Oral health awareness campaign launched in Kavango East Region
The Deputy Minister of Health and Social Services, Hon. Dr Ester Muinjangue officially launched the 2023 Oral Health Awareness Week campaign this week in Rundu, Kavango East Region, under the theme “Be proud of your mouth” to improve oral health habits.
On the occasion, Muinjangue stated that the region’s Directorate for Health and Social Welfare Services has undertaken several initiatives focused on ensuring that the community in that region has access to oral health services.
The most important of these initiatives was receiving, at their request, a state-of-the-art mobile dental clinic from the National level, which the Directorate has been utilizing to conduct outreach services even to the most remote places such as Ncaute, she remarked.
The Directorate is providing outreach oral health services to orphanages, correctional facilities, Nyangana and Andara District Hospitals, and recently repurposed the Covid-19 Isolation Facility at Andara District Hospital to provide oral health services, which were initially provided at Shadikongoro Clinic. These services are part of the region’s efforts to address the growing oral health needs.
“Oral health is the window to our overall health. It is not merely about having a beautiful smile; it is rather a cornerstone of our health and quality of life.

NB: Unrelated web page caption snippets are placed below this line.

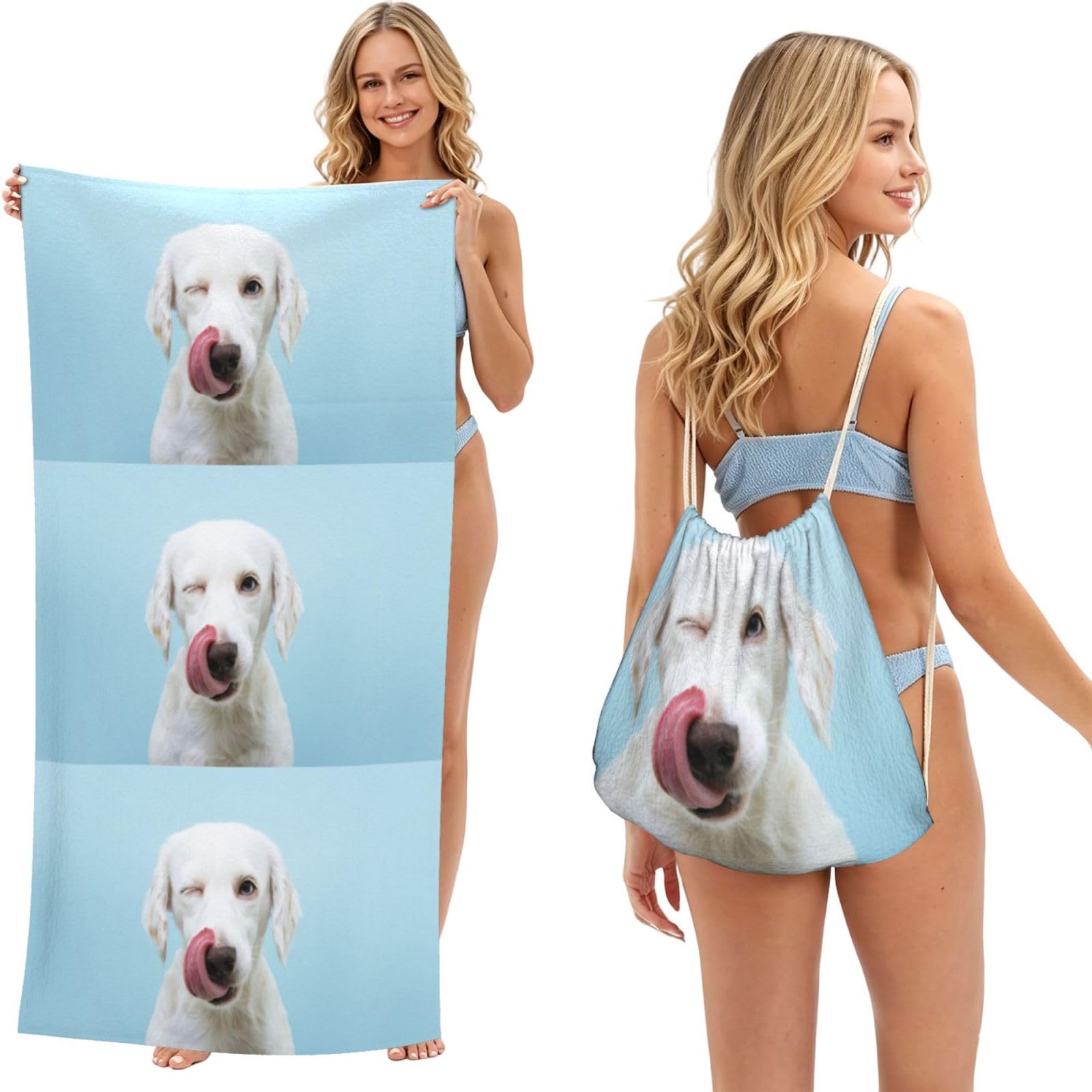 Poadnly As Picture Funny Labrador, 2 In 1 Packable Towel Bag, Beach Towels With Drawstring Backpack For Travel Holiday Camping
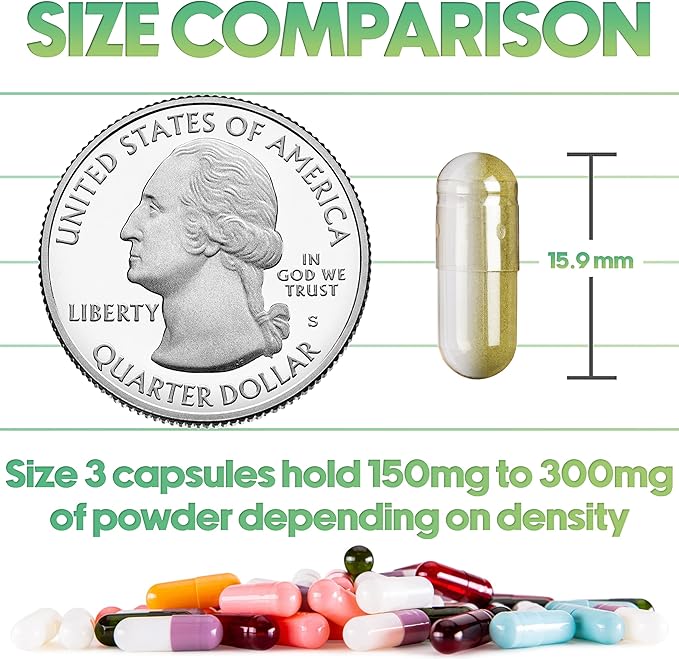XPRS Nutra Vegan Size 3 Separated Capsules- 1000 Count Premium Empty Caps Separated in Bags - Clear Empty Capsules - Pills for DIY Supplement Filling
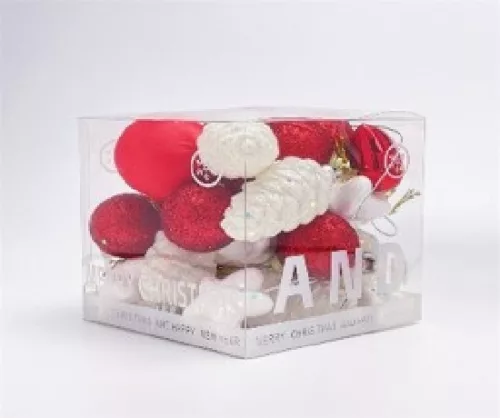 KARÁCSONYFA GÖMB DÍSZ PIROS-FEHÉR 31DB-OS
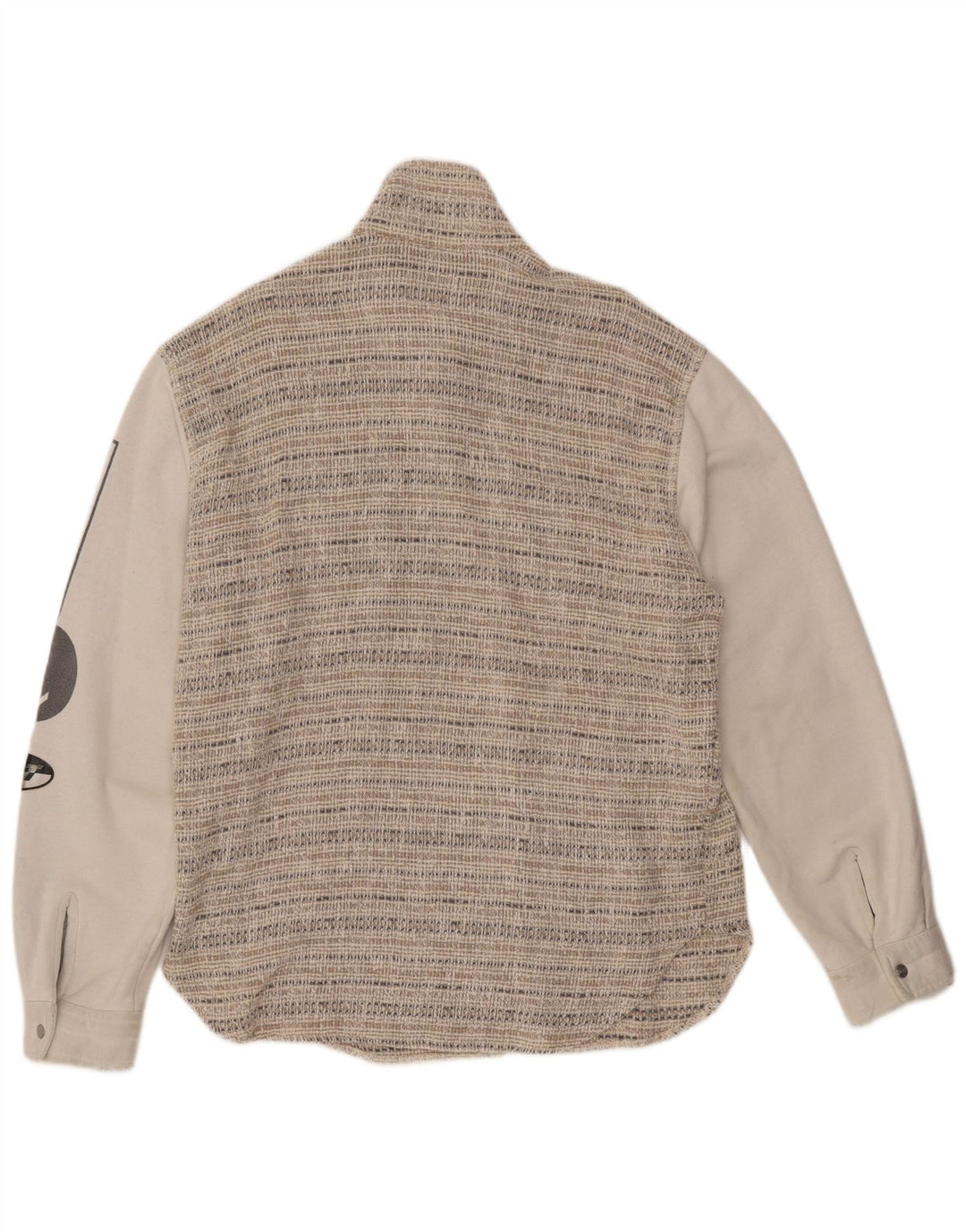 Ανδρικό γραφικό μπουφάν VINTAGE UK 44 2XL μαλλί μπεζ ριγέ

The state of our teeth and gums directly impacts our ability to eat, speak, and maintain our overall health. Despite this, oral health is an area that is often overlooked, with many individuals unaware of its profound influence on our daily lives. It is, without a doubt, a silent but significant health burden that affects countless lives,” the Deputy Minister said at the occasion.
An unhealthy diet high in sugar, smoking, harmful alcohol use, poor hygiene, and other social determinants, according to Muinjangue, all contribute to oral diseases.
“These are the same factors also responsible for non-communicable diseases (NCDs). As such, there is a unique opportunity to prioritize oral health as a means to contribute directly to reducing NCDs and their associated risk factors.”
Moreover, oral health problems are considered to be largely preventable with proper oral hygiene, although their prevalence remains high. According to the World Health Organization’s (WHO) Global Oral Health Status Report, oral disease affects around 3.5 billion people worldwide.
Muinjangue stated that over 480 million people in Africa suffer from oral diseases like dental caries, periodontal disease, and tooth loss, even though they are preventable. “The burden of oral diseases reflects significant inequalities, with marginalized populations disproportionately impacted,” she said.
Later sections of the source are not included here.